Surprisingly, when we searched the medical literature for articles that describe pathologies where CO, cardiomyopathy, and RAS signaling are common features, we found a perfect matching with Noonan, Cardiofaciocutaneous, LEOPARD, and Costello syndrome that all belong to the class of RASopathies [79,80]. Features of all four syndromes are different physical anomalies including concomitant presence of cardiomyopathy due to heart defects and, in males, cryptorchidism [79]. Noonan syndrome (NS) is the most common single gene cause of congenital heart disease, and NS subjects also present other features as leukemia predisposition [81]. In particular, five different mutations in RAF1 were identified in individuals with NS; four mutations causing changes in the CR2 domain of RAF1 were associated with hypertrophic cardiomyopathy (HCM), whereas mutations in the CR3 domain were not [82]. Additionally, PTPN11, RAF1, and SOS1 mutants were identified as a major cause of Noonan syndrome, BRAF of Cardiofaciocutaneous, PTPN11 of LEOPARD, and HRAS of Costello syndrome, providing new insights into RAS regulation [80,81]. These genes have also been found to be mutated in patients with RASopathies having cryptorchidism in a clinical picture. In NS patients having CO in their clinical picture 11/14 had mutated PTPN11, 4/5 had mutated SOS1, and 1/2 had mutated RAF1. BRAF has been found to be mutated in 2/3 patients with Cardiofaciocutaneous syndrome having CO, PTPN11 in 1/4 patients with LEOPARD having CO, and HRAS in 2/4 patients with Costello syndrome and CO [80,81]. However, the genes responsible for the remainder are unknown, and the gene pathway relations responsible for potential connections between unrelated features such as cryptorchidism and HCM in RASopathies are not clear. Therefore, we performed a network-based prediction (see next paragraph) of CO candidate genes by identifying the most significant first neighbors (in the human protein-protein interaction network; PPIN) of the 179 literature-collected candidates.

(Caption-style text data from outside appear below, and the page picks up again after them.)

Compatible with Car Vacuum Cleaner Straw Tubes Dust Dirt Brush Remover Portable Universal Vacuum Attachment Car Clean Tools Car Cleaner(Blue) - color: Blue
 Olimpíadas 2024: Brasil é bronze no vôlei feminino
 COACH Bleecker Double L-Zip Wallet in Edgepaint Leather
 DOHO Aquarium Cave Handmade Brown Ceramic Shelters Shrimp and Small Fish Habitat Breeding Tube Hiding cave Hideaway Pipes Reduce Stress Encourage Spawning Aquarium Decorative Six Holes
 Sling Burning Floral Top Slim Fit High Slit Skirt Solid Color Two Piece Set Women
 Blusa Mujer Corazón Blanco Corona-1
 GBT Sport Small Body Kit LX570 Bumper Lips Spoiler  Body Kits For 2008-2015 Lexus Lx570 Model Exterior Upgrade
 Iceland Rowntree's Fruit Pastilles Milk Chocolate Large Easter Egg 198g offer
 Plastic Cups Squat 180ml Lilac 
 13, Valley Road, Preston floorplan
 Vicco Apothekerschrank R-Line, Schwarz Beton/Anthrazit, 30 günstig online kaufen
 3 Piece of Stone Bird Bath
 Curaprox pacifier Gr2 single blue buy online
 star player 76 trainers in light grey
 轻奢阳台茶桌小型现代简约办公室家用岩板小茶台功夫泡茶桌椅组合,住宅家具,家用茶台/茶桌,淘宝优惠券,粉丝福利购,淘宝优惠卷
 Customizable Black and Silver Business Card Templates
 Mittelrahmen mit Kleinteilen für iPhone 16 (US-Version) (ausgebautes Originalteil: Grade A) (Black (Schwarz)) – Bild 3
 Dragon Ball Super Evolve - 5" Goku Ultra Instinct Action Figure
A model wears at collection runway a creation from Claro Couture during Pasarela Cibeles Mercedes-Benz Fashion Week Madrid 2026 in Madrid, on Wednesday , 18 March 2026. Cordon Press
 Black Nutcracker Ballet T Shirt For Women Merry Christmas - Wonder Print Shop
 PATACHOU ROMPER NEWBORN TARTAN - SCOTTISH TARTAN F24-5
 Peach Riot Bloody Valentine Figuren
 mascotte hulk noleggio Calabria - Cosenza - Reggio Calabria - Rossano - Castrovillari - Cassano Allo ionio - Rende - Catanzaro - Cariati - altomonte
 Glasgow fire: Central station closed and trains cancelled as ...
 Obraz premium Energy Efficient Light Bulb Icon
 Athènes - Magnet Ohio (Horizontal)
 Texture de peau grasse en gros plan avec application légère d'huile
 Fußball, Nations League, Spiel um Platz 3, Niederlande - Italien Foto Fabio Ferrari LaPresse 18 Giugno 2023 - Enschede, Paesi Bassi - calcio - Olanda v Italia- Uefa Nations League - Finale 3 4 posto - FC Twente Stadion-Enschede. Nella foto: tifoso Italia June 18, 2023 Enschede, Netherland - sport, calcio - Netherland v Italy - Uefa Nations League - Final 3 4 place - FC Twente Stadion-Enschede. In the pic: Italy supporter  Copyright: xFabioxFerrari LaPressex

Pathway analysis of the network-predicted candidate genes
A new cohort of 43 candidate genes (Additional file 7: Table S7) was predicted by PiNGO 1.11 [18], which is a Cytoscape plug-in (see Methods) [19]. The question we tried to address was which first-neighbor genes significantly interact with the original cohort of 179 literature-collected genes in the human PPIN. We adopted hypergeometric statistical test and Bonferroni multiple testing correction. The cohort of 43 network-predicted genes was strongly significant (Bonferroni p-value < 0.0095); therefore, we consider them as additional CO candidate genes.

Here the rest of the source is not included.